Note: Bug Bytes are simple snippets, quick thoughts. Thanks for reading.
Note: Recently, I mentioned that I found this snippet from my book “Divine Renovations.” It takes place on one of my bad, weepy days, several months after my late husband, Ed, died of lung cancer. I was a wreck. My grandson, Eli, was about 3 then, and was always the best balm. This excerpt is one of the more uplifting moments in the book, so I’m sharing! (If you like it, the book can be found in my shop!)
It is time to go get Eli at day care. When I have my arms around his little body, I start to weep again, but this time it is from the relief that seeing him brings me. I kiss his face again and again.

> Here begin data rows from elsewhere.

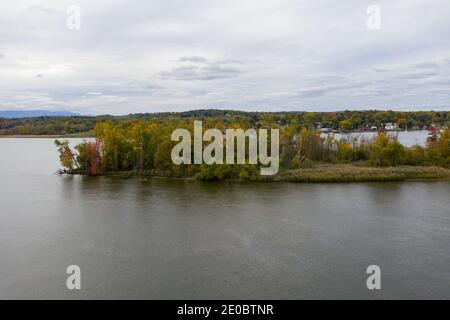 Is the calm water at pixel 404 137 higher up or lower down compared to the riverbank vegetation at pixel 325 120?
lower down

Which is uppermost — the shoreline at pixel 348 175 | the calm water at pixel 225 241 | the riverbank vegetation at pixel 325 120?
the riverbank vegetation at pixel 325 120

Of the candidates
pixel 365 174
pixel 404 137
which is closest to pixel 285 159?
pixel 365 174

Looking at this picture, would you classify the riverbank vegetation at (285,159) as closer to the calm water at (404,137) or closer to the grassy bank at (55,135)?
the calm water at (404,137)

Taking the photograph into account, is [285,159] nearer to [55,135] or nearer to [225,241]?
[225,241]

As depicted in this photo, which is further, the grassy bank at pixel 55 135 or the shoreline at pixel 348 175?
the grassy bank at pixel 55 135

“Hi, Nini,” he says, smiling. He smells like food.
Eli’s care provider, Louise, gives me his shoes and his mini hoodie. I know she sees my tears. I hate when people don’t know about Ed, and I hate to tell them. I debate the matter and then blurt, “My husband died recently. I don’t know if Sally told you.”

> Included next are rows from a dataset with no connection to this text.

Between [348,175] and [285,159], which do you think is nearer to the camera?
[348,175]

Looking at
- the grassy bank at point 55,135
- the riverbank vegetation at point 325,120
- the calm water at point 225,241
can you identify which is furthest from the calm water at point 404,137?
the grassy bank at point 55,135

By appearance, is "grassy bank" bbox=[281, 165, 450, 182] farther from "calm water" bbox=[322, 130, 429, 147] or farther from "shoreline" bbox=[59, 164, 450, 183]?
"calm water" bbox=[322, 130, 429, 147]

“I’m sorry,” she says. “Sally mentioned that. I’m so sorry.”
Louise puts her hand on my shoulder, and tears drip down my cheeks.
“It’s been a hard day,” I say, voice trembling. I want to sit down on her couch with Eli. I want Louise to be my day care provider. We could drink tea and do puzzles with the children. She could prepare my lunch and put me down for a nap when I start to cry.
I take him to the elementary school a block away, thinking we will play on the playground. It’s a lovely afternoon.
When we pull in the parking lot, he says, “Backetball.” He is pointing to three basketball courts. A father with a slew of boys is playing on one of them, and Eli is walking toward the boys, repeating “backetball, backetball, backetball.”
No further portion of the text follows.